すれっからし令嬢は傷心中
「――よって、フィオナ・ボールドウィン! 私は貴様との婚約を破棄する!」
(はいはい、テンプレ乙~)
いっそ見ている方が恥ずかしくなるほどのドヤ顔、かつ声高々に私との婚約破棄を宣言したのは、昨日まで私の婚約者だった青年……基、この国の王太子だ。
彼の隣にはふんわりと可愛らしい、まるで砂糖菓子のように甘い色合いをした美少女が肩を抱かれて寄り添っており、更にそんな二人を取り囲むように法務大臣や財務大臣、騎士団長の息子などが立ち並んでいる。
今日も今日とて殿下と愉快な仲間たちが揃い踏みで、本当に嫌になっちゃうなぁ! と、私は既にライフポイントがゴリゴリ削られている。
(せっかくの晴れの日なのに、ホント、空気読めない人たちだわ……)
今日は四年間通った学園の卒業式。
貴族子女の通う学び舎、ということでそこそこ大きな卒業パーティなる催しがあり、華々しい思い出で卒業生たちが学園生活を終わらせる日になるはずだった。
それをぶち壊したのがあちら、殿下と愉快な仲間たち。
前世で読んだ悪役令嬢+婚約破棄が題材のネット小説の、悪役令嬢に婚約破棄を突き付ける側テンプレを詰め合わせたような面々であり、かの美少女に男どもは一人残らず首ったけ。
この国の次代を担う人材が揃った『黄金世代』なんて呼ばれている殿下や名だたる名家のご令息たちを、たった一人、それも一年の間にメロメロにしてしまった美少女ちゃんの手練手管はまさに脱帽モノである。
とてもじゃないが私にはできないことなので素直にすごいと思うし、拍手や賛辞のひとつでも送って純粋に褒めたたえたいくらい。
もっとも、そんなことをしたって彼女からすれば嫌味にしか取れないだろうし、あくまでも私の心の中に留めておくけれど。
(――にしてもまさか、自分がこのコンボを食らう日が来るとは思わなかったな)
いやまあ、確かに予兆というか、こうなるかもな~という予感はあった。
男爵家出身の美少女ちゃんが殿下と愉快な仲間たちにすり寄っていたところや、私が美少女ちゃんの度を越した言動に対して『婚約者のいる殿方との距離感がうんたらかんたら』とか『身分の違いをわきまえて節度ある行動をどうのこうの』といった苦言を呈していたこと、そして一婚約者としてごく当然の対応をしたはずの私に殿下が逆ギレして怒ったこと……等々。

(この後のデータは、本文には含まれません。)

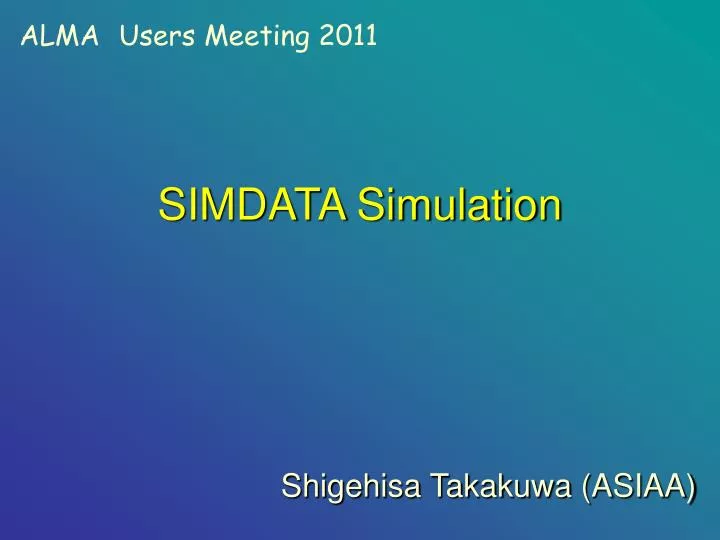 simdata simulation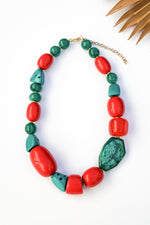 Red Coral & Turquoise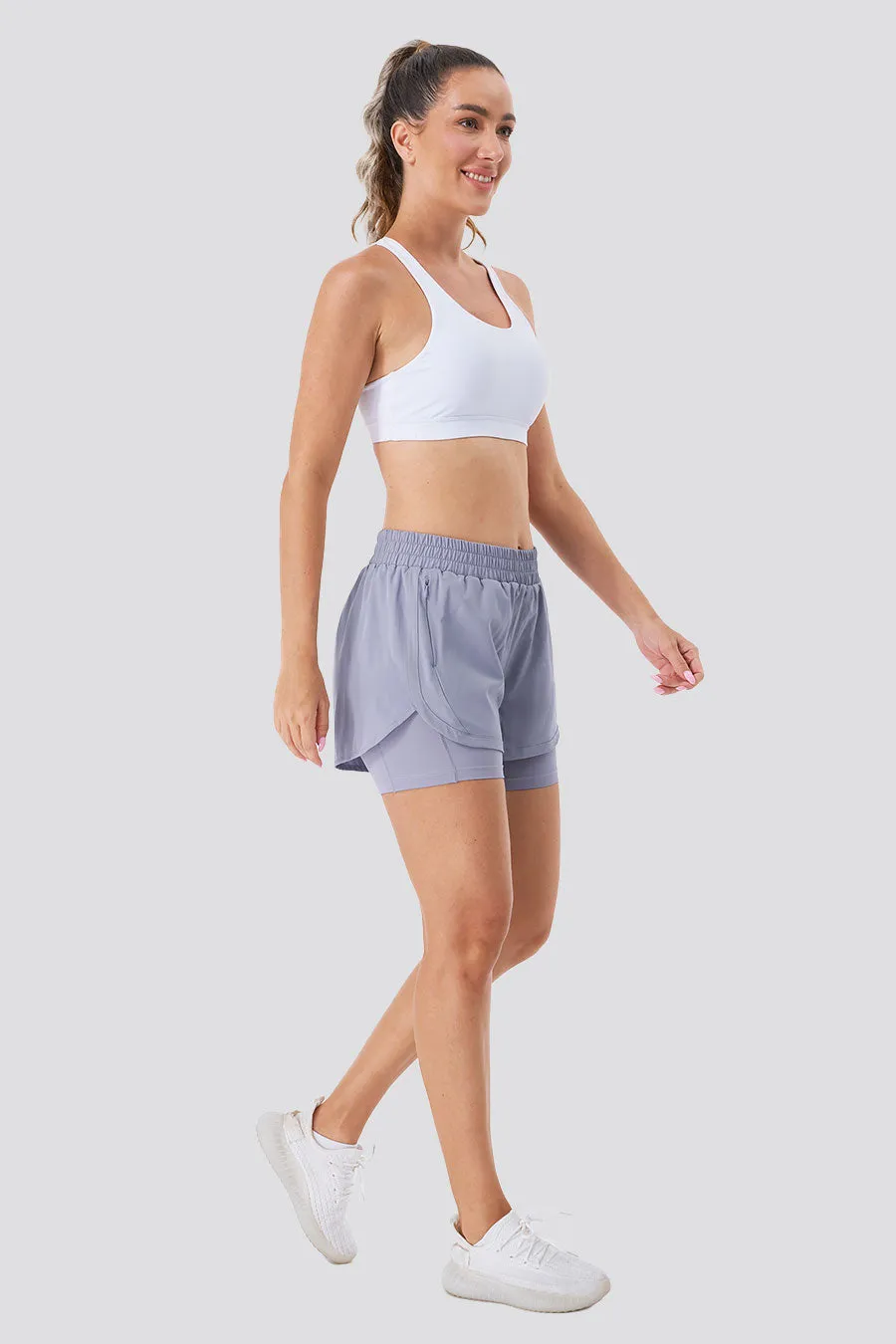 FlexRun Convertible 2 in 1 Running Shorts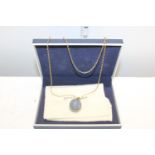 Astley Clarke gold on silver pendant & chain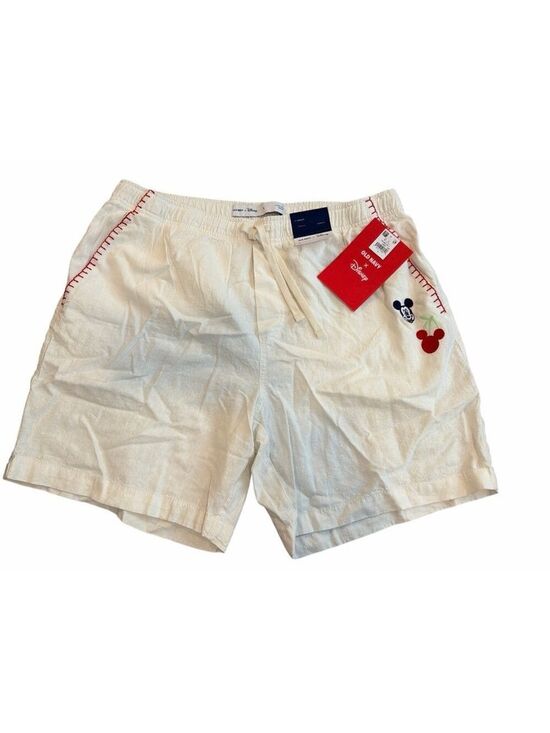 Old navy Other - NWT Old Navy Men's Mickey Mouse Embroidered Shorts - Cream - Size L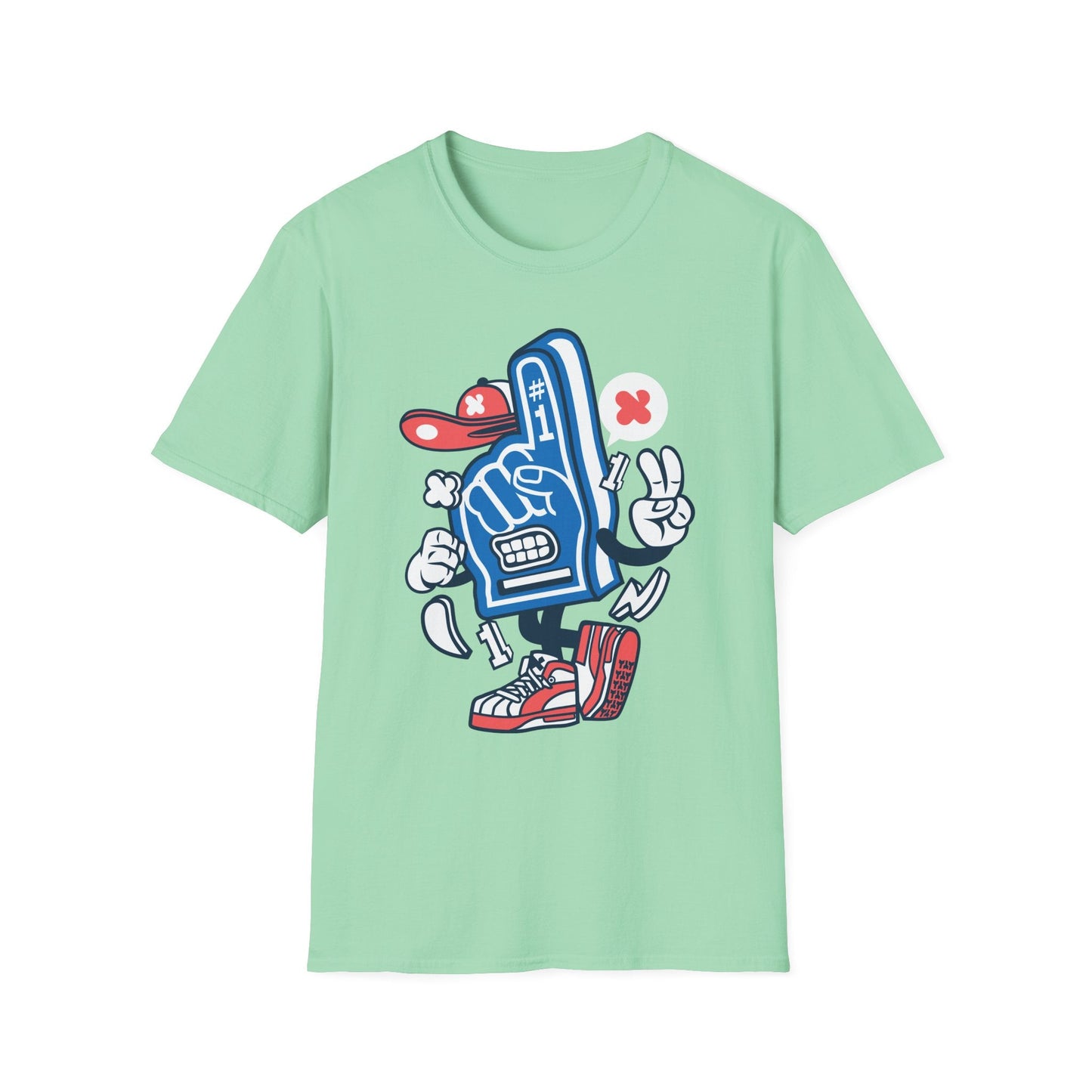 Cartoon T Shirt Animation Tee Unisex Funny Tee Gildan Softstyle 64000 100 Percent Ring Spun Cotton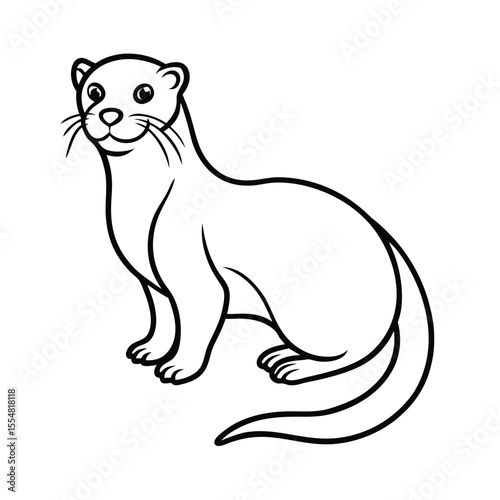 otter animal vector illustration
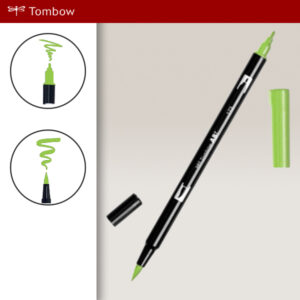 173 - willow green - Pennarelli Dual Brush Tombow ABT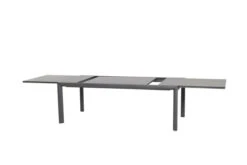 SIENA GARDEN Gomera II/Kingston Esstischgarnitur, Matt Graphit/grau/slate Look, Alu/Teak/Keramik/Texfabric, Tisch 220/340x108 Cm, 8 Stapelsessel -Kettler Verkaufs-Shop 22063 6.jpg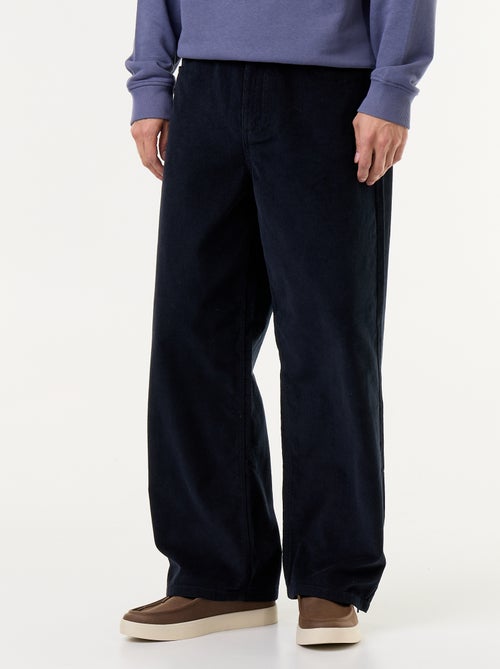 Pantalon velours côtelé - Kiabi Pantalon velours côtelé - Kiabi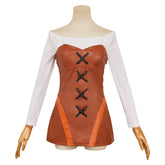 New Panty & Stocking (2025) Panty Brown Leather Dress Set Outfits Cosplay Costume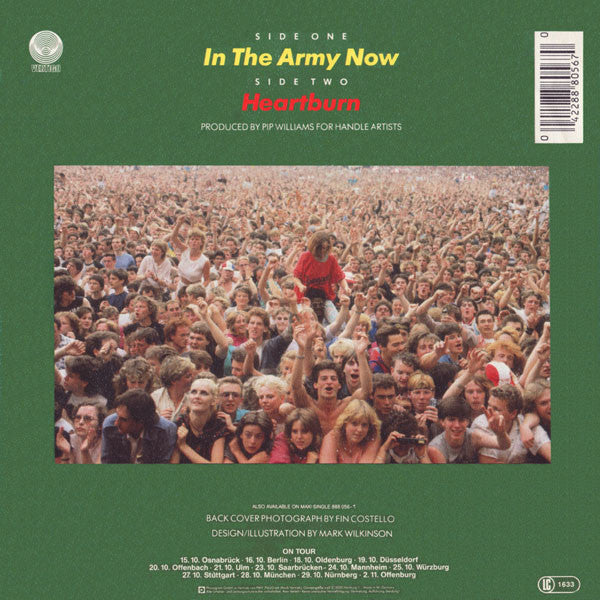 Status Quo : In The Army Now (7", Single)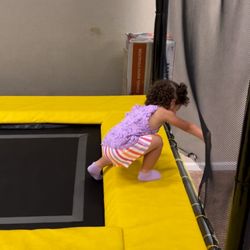 Giggles - Huge hole in the safety net of the trampoline!! My little one could have fallen out!!!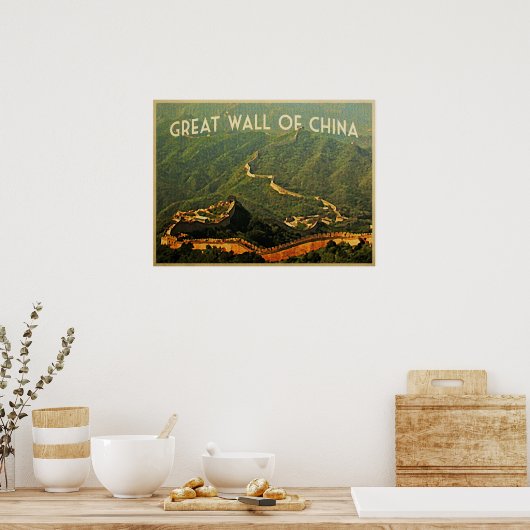 Große Mauer der China Poster (Küche)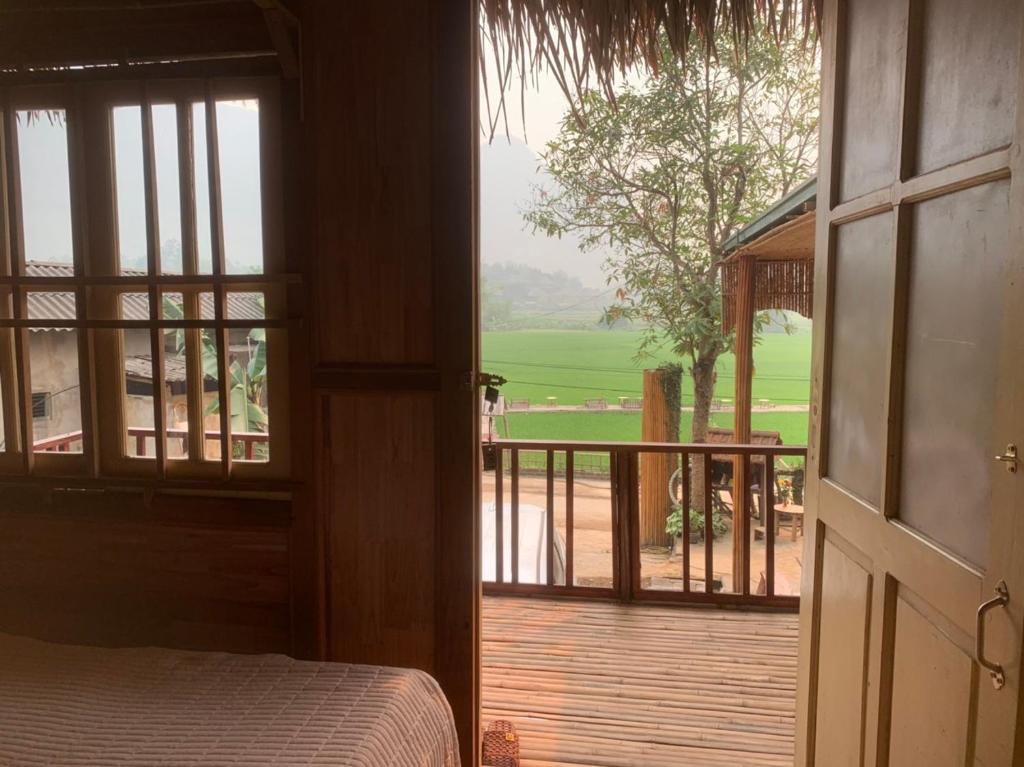 Balkón nebo terasa v ubytování Green Homestay Mai Chau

うーん、当時はあんまり意識していなかったけれど、こうして振り返ってみれば間違いなくパーフェクトな悪役令嬢モノのネット小説のテンプレです本当にありがとうございました。
でも、それはそれとして次代の王に王侯貴族として当然の、節度ある振る舞いを主張しただけでキレられるとはこれいかに。
大丈夫? 殿下、王太子としての自覚ちゃんとあります?
前世では一般市民Aだった私よりも認識が薄いあたり、なんとも心配しかないんだけどなァ……。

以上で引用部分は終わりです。